Header files & the preprocessor

After we shipped paxCount, our client wants to change the specification! paxCount should distinguish between flights with 0 passengers (returning 0), and flights not in the database (returning -1).

Easy enough. For future flexibility, we decide to add a “default” parameter to getCount:

paxDB.c

int flights[] = { 20, 15, 0 }; int getCount(char* flightNumber, int deflt) { if (flightNumber[0] == '0') return flights[0]; if (flightNumber[0] == '1') return flights[1]; if (flightNumber[0] == '2') return flights[2]; return deflt; }

paxCount.c

int getCount(char* flightNumber, int deflt); int main(int argc, char** argv) { if (argc > 1) return getCount(argv[1], -1); return 0; }

This works pretty much as expected (255 is -1 in an unsigned 8-bit encoding):

$ gcc -Wall -Werror -o paxCount paxCount.c paxDB.c $ ./paxCount 2 ; echo $? 0 $ ./paxCount 5 ; echo $? 255

However, next morning our automated tests of paxCheck are producing strange results:

$ gcc -Wall -Werror -o paxCheck paxCheck.c paxDB.c $ ./paxCheck 5 && echo "OK" || echo "ERROR" OK

What’s going on? Flight 5 is not in our database, so the above command should return ERROR, not OK! Let’s have a look at paxCheck.c:

paxCheck.c

int getCount(char* flightNumber); int main(int argc, char** argv) { int count = 0; if (argc > 1) count = getCount(argv[1]); if (count == 0) return 1; /* error */ else return 0; /* success */ }

Oh right! We changed getCount in paxDB.c, but we forgot to update the declaration in paxCheck.c.

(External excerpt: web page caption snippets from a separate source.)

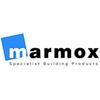 Marmox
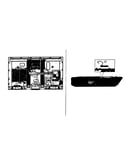 Connectors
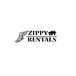 Zippy Rentals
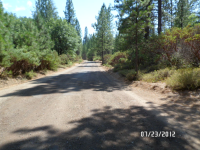  14284 Grizzly Hill Rd, Nevada City, California  4628506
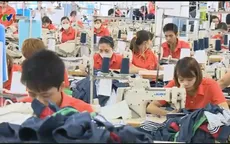 Nhiều doanh nghiệp gặp vướng mắc trong việc thực thi pháp luật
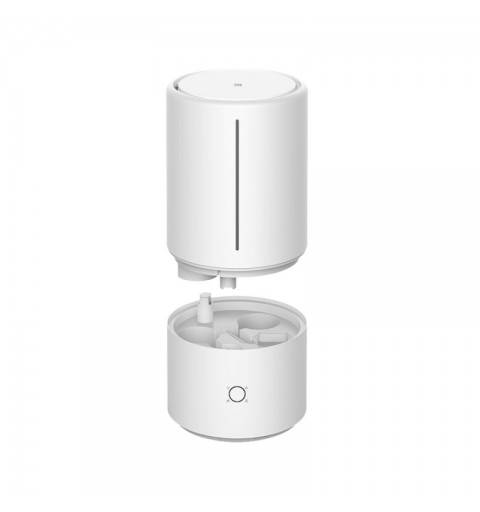 Xiaomi SKV4140GL humidificador 4,5 L Blanco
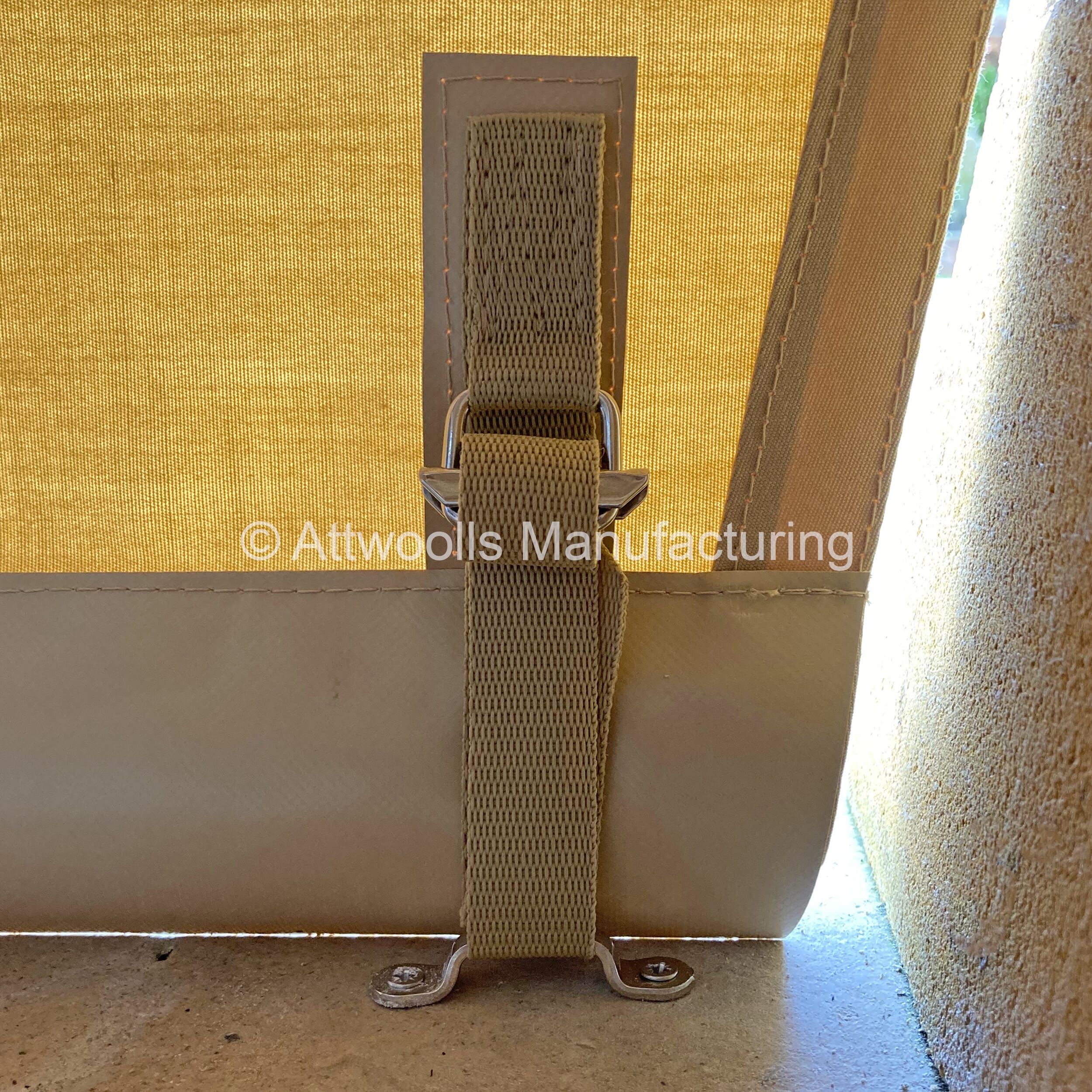 Bespoke-Canvas-Side-Panels-12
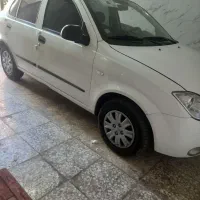 تیبا۲ کم کار
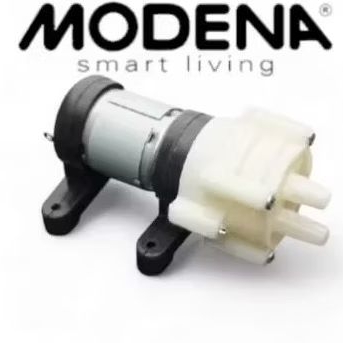 Pompa Dispenser galon bawah MODENA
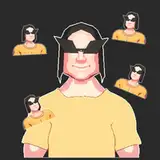 Jackie_Boy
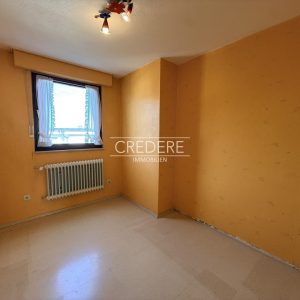 Kinderzimmer 3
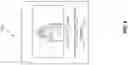 Fig. 07 - COGNITIVE TOOL FOR TEACHING GENERLIZATION OF OBJECTS TO A PERSON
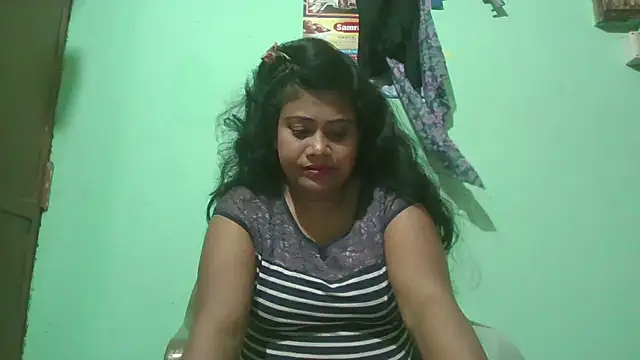 sexy roma online show from 26, 6, 2026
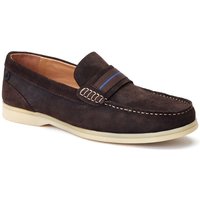 Drum Loafer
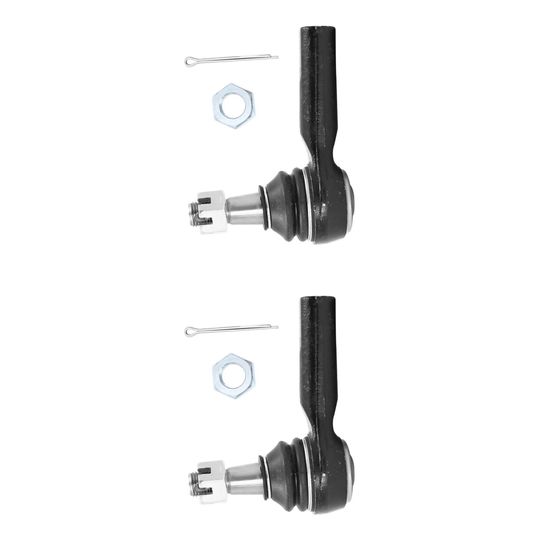 master-ride-par-de-terminales-exteriores-delanteras-nissan-xterra-2000-2004-xterra-v6-3-3l-l4-2-4l-0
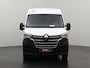 Renault Master 2.3DCi 135PK L2H2 | Multimedia | Airco | Cruise | 3-Zits | Betimmering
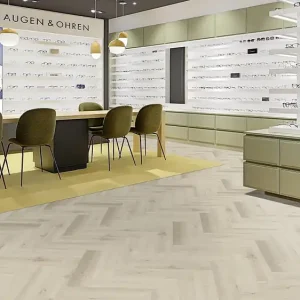 Project Floors Herringbone Wide | PW 4220/HBX Günstig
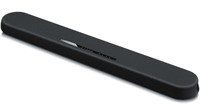 Yamaha ATS-1080 Bluetooth Soundbar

Even if you are confused by how this still compiles and runs,1 at least it is clear what the cause of the problem is. It’s easy enough to fix, by correcting the declaration of getCount to match its definition in paxDB.c:

paxCheck.c

int getCount(char* flightNumber, int deflt); int main(int argc, char** argv) { int count = 0; if (argc > 1) count = getCount(argv[1]); if (count == 0) return 1; /* error */ else return 0; /* success */ }
$ gcc -Wall -Werror -o paxCheck paxCheck.c paxDB.c paxCheck.c: In function ‘main’: paxCheck.c:8: error: too few arguments to function ‘getCount’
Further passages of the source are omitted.